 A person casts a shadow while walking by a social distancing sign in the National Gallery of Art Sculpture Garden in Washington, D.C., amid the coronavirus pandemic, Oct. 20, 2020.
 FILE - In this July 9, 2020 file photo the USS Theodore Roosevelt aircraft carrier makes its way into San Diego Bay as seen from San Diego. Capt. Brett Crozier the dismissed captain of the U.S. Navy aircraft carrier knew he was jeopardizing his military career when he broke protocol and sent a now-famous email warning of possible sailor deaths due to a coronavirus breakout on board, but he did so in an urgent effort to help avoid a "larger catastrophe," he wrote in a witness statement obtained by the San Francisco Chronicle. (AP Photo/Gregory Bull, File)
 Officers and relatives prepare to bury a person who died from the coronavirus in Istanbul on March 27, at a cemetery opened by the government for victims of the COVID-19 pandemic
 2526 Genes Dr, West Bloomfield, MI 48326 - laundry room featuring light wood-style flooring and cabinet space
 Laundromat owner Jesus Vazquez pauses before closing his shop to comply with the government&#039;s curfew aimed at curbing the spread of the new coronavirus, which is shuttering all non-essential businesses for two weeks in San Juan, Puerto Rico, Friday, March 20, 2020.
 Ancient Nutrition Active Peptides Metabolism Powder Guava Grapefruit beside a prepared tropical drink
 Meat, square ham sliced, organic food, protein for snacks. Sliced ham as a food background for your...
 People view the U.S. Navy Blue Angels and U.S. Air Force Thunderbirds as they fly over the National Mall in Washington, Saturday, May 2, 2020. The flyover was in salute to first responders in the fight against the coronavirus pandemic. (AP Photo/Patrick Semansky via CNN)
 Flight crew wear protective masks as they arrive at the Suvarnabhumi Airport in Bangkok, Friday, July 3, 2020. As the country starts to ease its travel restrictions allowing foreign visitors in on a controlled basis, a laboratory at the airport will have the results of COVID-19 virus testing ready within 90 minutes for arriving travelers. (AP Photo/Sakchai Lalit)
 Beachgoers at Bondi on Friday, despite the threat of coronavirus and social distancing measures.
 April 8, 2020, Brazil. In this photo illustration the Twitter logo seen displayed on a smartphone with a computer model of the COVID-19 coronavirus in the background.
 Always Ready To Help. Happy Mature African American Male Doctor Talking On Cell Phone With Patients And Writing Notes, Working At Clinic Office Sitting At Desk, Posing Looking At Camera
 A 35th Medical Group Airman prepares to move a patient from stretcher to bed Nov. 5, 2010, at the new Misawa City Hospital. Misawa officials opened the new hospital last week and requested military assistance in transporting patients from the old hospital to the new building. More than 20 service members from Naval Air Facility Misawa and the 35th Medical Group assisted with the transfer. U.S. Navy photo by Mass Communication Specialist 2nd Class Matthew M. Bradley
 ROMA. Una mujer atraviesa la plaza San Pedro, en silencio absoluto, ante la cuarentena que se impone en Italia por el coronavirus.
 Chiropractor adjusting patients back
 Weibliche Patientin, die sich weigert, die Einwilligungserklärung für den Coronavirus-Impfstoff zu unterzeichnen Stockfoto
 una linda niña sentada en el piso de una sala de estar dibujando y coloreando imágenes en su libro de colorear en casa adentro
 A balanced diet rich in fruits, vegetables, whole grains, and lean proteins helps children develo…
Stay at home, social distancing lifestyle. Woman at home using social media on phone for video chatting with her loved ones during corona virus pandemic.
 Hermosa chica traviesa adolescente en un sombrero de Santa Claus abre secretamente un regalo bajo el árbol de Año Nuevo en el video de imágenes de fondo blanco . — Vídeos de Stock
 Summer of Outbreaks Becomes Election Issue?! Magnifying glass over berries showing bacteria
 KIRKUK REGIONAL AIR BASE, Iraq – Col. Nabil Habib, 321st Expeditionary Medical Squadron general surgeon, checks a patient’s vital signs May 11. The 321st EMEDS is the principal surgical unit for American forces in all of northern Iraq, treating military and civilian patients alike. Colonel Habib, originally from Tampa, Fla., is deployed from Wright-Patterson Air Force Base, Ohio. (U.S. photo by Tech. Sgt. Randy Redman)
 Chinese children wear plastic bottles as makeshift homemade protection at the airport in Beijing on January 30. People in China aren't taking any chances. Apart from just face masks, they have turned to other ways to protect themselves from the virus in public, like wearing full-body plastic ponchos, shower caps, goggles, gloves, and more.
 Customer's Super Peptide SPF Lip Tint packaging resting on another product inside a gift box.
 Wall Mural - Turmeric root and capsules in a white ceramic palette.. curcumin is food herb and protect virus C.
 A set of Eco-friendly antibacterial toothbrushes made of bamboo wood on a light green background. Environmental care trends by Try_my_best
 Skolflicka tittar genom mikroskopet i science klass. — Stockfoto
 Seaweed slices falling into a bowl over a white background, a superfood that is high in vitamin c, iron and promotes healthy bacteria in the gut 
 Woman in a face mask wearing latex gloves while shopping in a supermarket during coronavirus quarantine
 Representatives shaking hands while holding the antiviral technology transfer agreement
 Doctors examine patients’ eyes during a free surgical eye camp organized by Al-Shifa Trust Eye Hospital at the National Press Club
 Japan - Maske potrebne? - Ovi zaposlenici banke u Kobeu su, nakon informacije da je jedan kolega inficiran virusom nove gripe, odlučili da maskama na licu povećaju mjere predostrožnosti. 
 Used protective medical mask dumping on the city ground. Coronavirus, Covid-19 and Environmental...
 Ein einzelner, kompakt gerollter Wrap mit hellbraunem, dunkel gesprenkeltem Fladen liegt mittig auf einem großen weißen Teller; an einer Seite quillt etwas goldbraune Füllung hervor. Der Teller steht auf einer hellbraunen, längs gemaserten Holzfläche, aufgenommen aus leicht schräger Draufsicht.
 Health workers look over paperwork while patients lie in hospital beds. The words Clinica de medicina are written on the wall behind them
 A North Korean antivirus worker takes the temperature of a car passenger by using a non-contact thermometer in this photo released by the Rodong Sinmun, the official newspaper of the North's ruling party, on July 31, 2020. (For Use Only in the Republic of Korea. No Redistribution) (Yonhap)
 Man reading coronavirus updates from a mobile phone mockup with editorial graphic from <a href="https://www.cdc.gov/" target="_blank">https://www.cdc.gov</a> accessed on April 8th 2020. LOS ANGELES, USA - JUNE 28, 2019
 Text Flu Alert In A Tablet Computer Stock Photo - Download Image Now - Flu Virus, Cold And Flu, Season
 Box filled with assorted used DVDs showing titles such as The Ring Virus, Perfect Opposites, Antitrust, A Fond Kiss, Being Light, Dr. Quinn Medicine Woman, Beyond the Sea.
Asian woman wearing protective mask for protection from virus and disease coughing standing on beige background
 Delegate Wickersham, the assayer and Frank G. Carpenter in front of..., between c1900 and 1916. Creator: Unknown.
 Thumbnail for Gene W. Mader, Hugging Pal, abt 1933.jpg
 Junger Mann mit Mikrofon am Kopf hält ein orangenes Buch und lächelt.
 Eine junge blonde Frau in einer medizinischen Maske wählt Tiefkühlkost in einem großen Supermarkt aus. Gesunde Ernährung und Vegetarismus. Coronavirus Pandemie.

□ □ □

Copy the records above faithfully. Begin at their first line, end at the line containing "2526 Genes Dr, West", and include nothing else.

*Result of the task*.
 A person casts a shadow while walking by a social distancing sign in the National Gallery of Art Sculpture Garden in Washington, D.C., amid the coronavirus pandemic, Oct. 20, 2020.
 FILE - In this July 9, 2020 file photo the USS Theodore Roosevelt aircraft carrier makes its way into San Diego Bay as seen from San Diego. Capt. Brett Crozier the dismissed captain of the U.S. Navy aircraft carrier knew he was jeopardizing his military career when he broke protocol and sent a now-famous email warning of possible sailor deaths due to a coronavirus breakout on board, but he did so in an urgent effort to help avoid a "larger catastrophe," he wrote in a witness statement obtained by the San Francisco Chronicle. (AP Photo/Gregory Bull, File)
 Officers and relatives prepare to bury a person who died from the coronavirus in Istanbul on March 27, at a cemetery opened by the government for victims of the COVID-19 pandemic
 2526 Genes Dr, West Bloomfield, MI 48326 - laundry room featuring light wood-style flooring and cabinet space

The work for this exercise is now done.